BEGIN Records supplied
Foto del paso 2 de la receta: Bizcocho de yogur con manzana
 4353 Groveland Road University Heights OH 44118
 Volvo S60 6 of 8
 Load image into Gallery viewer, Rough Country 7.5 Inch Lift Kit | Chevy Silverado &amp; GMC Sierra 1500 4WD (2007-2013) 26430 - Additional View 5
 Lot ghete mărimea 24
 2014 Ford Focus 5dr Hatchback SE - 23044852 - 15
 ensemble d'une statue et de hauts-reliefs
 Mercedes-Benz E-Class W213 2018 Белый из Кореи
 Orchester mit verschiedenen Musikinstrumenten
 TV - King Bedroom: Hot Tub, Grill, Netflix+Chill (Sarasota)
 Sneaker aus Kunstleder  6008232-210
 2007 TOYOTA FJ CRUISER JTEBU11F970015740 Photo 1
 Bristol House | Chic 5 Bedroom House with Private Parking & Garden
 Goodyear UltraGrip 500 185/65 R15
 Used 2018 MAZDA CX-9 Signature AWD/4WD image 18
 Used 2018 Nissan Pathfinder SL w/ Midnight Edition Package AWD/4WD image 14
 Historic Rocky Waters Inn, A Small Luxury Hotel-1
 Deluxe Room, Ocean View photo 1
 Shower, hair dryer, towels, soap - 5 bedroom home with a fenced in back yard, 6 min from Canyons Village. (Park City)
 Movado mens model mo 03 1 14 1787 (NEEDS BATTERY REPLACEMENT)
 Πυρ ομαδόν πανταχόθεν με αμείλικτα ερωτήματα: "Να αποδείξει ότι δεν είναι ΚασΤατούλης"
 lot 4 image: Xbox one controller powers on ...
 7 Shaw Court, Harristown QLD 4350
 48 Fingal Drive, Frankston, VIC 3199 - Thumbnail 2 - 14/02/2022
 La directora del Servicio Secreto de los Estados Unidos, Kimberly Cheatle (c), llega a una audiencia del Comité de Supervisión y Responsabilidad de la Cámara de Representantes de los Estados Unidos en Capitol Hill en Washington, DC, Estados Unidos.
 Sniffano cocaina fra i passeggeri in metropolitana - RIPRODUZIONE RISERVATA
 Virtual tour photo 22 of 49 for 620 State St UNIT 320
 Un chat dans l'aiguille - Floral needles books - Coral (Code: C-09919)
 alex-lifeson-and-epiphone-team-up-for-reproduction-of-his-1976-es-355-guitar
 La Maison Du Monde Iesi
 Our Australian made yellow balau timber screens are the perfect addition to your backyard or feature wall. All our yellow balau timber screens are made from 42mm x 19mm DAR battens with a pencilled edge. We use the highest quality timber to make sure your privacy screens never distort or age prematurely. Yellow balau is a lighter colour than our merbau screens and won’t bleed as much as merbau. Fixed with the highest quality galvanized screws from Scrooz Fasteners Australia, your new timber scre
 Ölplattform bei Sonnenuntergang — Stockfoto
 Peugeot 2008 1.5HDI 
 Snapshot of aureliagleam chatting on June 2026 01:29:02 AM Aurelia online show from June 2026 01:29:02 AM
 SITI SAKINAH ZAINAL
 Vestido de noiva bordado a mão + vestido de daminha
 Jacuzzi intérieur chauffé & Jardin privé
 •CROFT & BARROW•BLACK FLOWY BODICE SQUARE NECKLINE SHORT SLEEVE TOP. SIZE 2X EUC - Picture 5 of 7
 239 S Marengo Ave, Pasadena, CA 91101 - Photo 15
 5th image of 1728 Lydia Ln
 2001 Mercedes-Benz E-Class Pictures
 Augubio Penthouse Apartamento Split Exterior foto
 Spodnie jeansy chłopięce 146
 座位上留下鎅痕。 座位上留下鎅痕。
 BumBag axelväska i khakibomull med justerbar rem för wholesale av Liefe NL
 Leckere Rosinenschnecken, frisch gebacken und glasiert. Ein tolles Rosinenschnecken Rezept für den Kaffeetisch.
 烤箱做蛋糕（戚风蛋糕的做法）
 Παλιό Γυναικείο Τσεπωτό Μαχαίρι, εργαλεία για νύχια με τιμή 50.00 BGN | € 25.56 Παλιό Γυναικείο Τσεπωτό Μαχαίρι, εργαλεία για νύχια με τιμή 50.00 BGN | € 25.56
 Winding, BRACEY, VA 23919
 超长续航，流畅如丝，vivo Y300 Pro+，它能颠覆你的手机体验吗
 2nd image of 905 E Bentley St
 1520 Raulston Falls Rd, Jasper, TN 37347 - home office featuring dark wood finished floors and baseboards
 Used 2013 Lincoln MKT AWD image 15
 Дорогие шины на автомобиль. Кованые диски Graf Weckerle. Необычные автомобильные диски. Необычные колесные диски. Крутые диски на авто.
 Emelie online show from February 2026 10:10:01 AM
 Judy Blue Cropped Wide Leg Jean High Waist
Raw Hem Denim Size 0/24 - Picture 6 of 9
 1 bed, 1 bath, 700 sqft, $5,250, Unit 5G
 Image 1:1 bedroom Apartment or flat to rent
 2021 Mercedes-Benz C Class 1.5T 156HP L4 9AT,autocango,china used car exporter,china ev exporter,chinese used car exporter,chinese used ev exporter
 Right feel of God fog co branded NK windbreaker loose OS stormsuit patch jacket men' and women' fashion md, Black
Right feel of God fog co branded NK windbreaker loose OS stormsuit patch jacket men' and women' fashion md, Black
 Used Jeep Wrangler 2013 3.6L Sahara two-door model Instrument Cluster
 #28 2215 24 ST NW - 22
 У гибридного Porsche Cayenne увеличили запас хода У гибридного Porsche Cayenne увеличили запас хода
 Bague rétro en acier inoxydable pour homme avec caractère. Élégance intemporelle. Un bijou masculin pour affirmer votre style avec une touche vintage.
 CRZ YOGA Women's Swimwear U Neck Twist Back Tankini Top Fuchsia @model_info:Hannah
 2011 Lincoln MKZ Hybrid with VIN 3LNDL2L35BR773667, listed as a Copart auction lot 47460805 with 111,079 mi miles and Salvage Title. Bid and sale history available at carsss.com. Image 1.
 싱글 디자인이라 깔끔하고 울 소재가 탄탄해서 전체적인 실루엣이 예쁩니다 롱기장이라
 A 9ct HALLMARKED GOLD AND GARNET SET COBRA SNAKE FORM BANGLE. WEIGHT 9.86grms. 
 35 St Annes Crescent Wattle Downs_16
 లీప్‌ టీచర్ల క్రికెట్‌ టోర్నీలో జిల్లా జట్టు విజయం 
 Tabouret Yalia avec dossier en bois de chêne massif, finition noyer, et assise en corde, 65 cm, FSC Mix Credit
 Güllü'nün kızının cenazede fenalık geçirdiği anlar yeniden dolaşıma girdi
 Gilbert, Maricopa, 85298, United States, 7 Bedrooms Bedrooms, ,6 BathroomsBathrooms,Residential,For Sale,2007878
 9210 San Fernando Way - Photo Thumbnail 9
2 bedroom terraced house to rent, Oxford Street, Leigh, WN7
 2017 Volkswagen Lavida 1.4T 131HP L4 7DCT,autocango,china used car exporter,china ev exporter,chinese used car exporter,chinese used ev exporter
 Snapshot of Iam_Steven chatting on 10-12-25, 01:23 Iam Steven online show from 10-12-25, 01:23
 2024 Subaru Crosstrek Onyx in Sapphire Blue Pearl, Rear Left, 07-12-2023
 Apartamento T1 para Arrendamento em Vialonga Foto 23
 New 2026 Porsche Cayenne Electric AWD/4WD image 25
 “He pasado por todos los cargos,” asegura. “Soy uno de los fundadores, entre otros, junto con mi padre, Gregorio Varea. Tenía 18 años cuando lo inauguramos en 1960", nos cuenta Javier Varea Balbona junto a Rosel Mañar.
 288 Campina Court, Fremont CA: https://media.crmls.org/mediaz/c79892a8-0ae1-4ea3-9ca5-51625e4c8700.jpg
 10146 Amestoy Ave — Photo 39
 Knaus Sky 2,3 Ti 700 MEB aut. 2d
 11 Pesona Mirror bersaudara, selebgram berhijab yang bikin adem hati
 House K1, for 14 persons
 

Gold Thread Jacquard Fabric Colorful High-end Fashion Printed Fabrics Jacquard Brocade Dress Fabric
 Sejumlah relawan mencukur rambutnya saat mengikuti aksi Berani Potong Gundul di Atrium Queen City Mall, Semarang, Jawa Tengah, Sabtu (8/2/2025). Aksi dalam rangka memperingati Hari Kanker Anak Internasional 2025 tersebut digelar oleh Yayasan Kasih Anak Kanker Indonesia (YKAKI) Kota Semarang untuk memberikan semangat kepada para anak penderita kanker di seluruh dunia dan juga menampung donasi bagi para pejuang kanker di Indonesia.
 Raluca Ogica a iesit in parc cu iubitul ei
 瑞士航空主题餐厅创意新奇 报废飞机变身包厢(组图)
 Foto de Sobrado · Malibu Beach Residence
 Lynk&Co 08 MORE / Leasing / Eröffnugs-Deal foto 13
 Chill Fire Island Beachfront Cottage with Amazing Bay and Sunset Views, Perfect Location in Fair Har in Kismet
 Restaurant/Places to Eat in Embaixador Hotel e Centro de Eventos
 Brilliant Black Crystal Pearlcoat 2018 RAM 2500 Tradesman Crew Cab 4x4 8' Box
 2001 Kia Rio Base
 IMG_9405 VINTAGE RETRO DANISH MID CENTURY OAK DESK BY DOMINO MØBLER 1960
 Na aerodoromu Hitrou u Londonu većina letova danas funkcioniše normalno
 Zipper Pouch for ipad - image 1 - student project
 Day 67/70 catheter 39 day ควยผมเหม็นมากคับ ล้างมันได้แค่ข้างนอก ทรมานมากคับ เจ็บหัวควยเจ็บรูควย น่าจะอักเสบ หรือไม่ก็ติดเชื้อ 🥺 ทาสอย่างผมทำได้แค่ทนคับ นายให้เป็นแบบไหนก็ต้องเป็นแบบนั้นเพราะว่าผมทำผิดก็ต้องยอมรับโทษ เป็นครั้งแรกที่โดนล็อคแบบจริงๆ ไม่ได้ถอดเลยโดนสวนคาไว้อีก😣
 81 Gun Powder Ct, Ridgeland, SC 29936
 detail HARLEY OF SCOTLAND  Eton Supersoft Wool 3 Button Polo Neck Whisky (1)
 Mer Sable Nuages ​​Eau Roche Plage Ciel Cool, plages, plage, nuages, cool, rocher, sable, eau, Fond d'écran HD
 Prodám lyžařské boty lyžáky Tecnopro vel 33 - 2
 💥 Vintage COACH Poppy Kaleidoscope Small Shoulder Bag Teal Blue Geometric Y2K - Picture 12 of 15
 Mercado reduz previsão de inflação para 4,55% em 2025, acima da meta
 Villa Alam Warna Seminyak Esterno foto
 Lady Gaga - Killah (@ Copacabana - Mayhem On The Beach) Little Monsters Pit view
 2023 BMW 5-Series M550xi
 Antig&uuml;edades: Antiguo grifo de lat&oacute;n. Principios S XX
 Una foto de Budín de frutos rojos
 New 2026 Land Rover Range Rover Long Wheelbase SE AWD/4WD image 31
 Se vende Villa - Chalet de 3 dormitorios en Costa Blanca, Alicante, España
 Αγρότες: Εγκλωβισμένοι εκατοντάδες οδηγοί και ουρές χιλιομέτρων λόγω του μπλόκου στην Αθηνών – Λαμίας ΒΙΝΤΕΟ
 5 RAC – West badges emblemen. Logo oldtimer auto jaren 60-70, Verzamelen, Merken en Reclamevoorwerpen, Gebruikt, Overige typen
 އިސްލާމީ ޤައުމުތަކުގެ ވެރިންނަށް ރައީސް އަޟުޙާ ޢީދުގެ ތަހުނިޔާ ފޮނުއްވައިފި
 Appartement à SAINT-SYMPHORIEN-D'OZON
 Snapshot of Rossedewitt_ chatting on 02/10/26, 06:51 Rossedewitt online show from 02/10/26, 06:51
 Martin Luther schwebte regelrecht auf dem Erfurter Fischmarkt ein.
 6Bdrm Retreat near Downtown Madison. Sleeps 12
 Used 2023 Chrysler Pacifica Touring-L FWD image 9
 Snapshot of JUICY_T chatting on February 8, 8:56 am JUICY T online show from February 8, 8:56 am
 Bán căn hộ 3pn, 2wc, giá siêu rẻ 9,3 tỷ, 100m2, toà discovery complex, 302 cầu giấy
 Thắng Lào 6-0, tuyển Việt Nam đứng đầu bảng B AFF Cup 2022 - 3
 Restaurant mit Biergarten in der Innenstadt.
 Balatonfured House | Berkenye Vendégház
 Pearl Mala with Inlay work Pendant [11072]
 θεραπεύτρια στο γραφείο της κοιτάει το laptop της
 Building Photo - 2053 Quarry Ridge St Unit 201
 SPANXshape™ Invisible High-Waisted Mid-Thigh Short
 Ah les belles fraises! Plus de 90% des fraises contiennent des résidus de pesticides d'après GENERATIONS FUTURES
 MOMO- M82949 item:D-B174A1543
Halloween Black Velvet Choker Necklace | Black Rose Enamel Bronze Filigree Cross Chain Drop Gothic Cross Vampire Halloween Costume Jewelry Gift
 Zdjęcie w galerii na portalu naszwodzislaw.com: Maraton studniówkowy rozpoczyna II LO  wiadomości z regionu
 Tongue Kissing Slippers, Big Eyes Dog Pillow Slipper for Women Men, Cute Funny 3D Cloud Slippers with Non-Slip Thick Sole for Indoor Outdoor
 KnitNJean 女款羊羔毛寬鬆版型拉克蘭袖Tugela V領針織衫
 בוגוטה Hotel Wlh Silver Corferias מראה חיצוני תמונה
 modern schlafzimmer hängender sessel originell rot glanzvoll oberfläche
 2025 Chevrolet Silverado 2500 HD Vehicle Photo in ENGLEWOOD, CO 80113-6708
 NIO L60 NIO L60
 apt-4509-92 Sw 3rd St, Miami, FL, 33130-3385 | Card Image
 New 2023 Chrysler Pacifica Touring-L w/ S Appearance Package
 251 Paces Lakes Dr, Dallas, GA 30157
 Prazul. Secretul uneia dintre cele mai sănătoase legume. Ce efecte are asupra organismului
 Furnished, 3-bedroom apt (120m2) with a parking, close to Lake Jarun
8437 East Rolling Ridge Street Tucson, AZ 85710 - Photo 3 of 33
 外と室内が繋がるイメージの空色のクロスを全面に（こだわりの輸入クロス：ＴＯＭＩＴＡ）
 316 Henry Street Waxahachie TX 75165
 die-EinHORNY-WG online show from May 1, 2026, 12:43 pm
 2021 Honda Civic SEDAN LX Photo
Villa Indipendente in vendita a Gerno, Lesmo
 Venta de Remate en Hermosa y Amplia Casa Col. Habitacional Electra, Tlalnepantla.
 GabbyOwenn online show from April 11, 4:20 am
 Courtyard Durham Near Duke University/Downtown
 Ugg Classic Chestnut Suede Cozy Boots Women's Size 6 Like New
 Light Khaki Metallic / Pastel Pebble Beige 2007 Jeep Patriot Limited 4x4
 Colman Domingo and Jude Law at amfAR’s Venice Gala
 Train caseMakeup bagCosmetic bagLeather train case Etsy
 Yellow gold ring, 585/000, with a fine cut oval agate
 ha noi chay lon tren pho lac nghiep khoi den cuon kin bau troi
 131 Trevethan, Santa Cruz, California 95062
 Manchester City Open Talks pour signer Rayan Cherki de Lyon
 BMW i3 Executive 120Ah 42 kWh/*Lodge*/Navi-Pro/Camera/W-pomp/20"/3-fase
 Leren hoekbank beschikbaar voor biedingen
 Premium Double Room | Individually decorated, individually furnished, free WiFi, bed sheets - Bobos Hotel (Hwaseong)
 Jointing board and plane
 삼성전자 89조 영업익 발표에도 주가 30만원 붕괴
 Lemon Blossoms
END Records supplied
Assignment ::
Above are the lines; repeat exactly the ones from the line containing "Deluxe Room, Ocean View photo 1" down to the line containing "lot 4 image: Xbox", both inclusive.

Response box ::
 Deluxe Room, Ocean View photo 1
 Shower, hair dryer, towels, soap - 5 bedroom home with a fenced in back yard, 6 min from Canyons Village. (Park City)
 Movado mens model mo 03 1 14 1787 (NEEDS BATTERY REPLACEMENT)
 Πυρ ομαδόν πανταχόθεν με αμείλικτα ερωτήματα: "Να αποδείξει ότι δεν είναι ΚασΤατούλης"
 lot 4 image: Xbox one controller powers on ...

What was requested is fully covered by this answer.